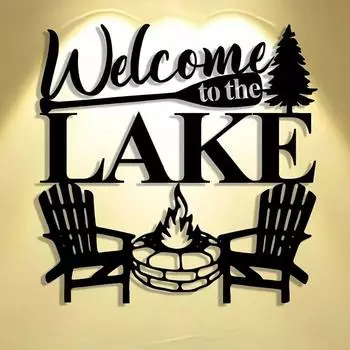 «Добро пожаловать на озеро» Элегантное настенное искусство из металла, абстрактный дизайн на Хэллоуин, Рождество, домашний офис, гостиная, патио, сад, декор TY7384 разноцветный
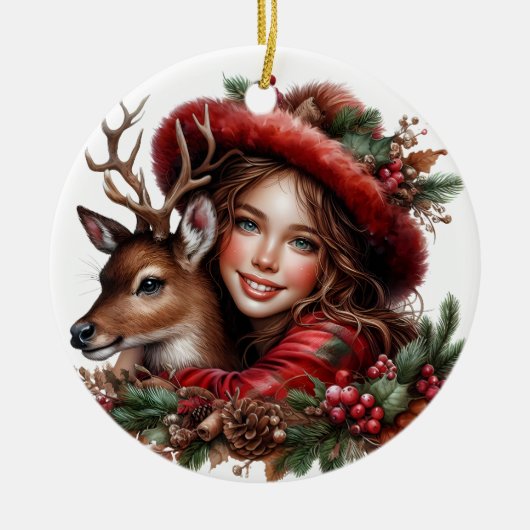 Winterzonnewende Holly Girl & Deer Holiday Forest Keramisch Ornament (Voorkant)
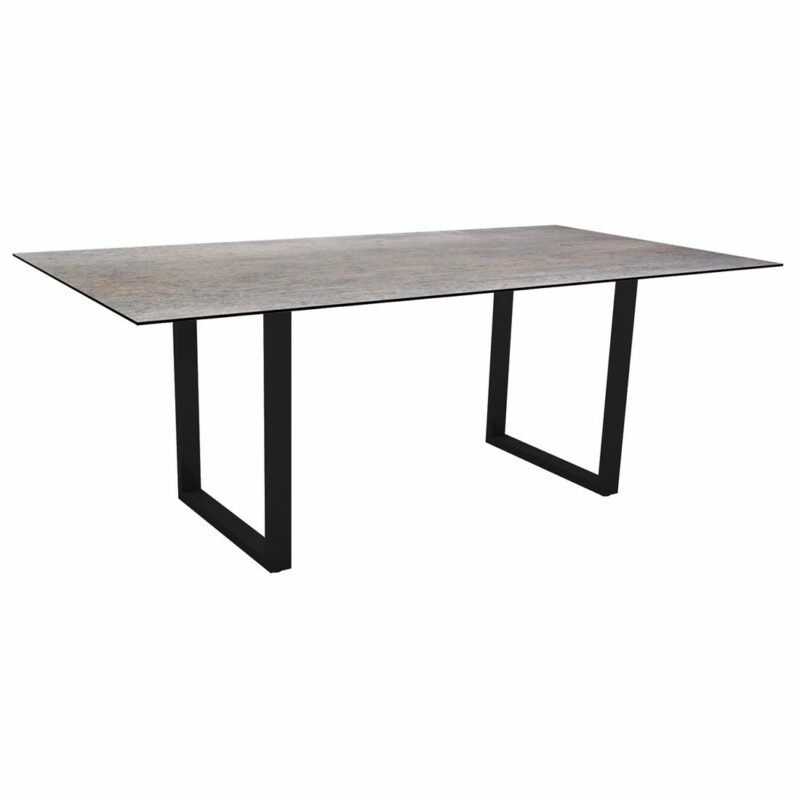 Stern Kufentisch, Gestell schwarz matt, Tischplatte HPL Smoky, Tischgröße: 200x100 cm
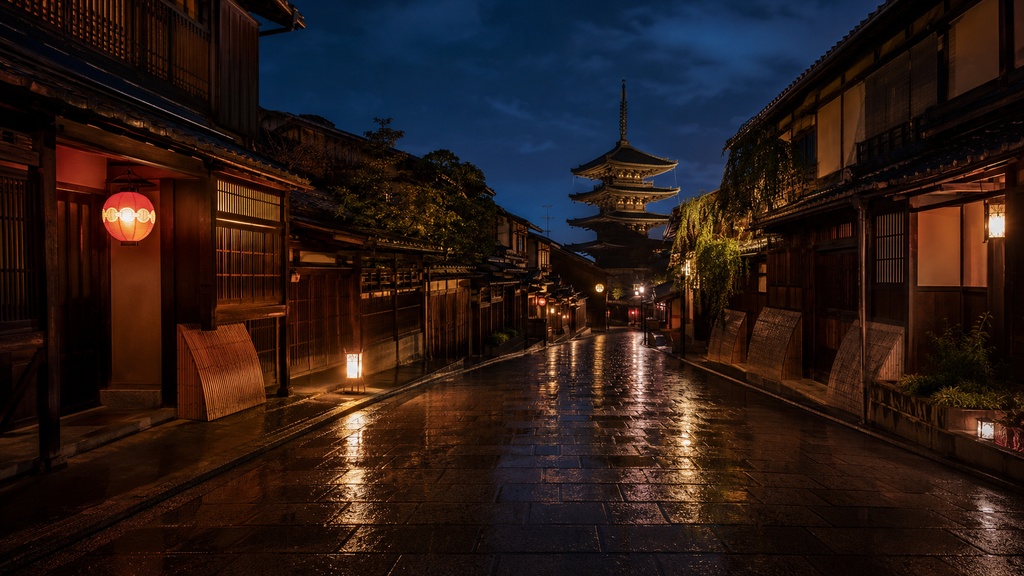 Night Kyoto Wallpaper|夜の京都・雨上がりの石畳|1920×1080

Work request:
Only those lines from the one containing "Winterzonnewende Holly Girl" to the end of the material above, retyped exactly and without pictures, belong in your reply.

Solution to this problem:
 Winterzonnewende Holly Girl & Deer Holiday Forest Keramisch Ornament (Voorkant)
 Stern Kufentisch, Gestell schwarz matt, Tischplatte HPL Smoky, Tischgröße: 200x100 cm
 Night Kyoto Wallpaper|夜の京都・雨上がりの石畳|1920×1080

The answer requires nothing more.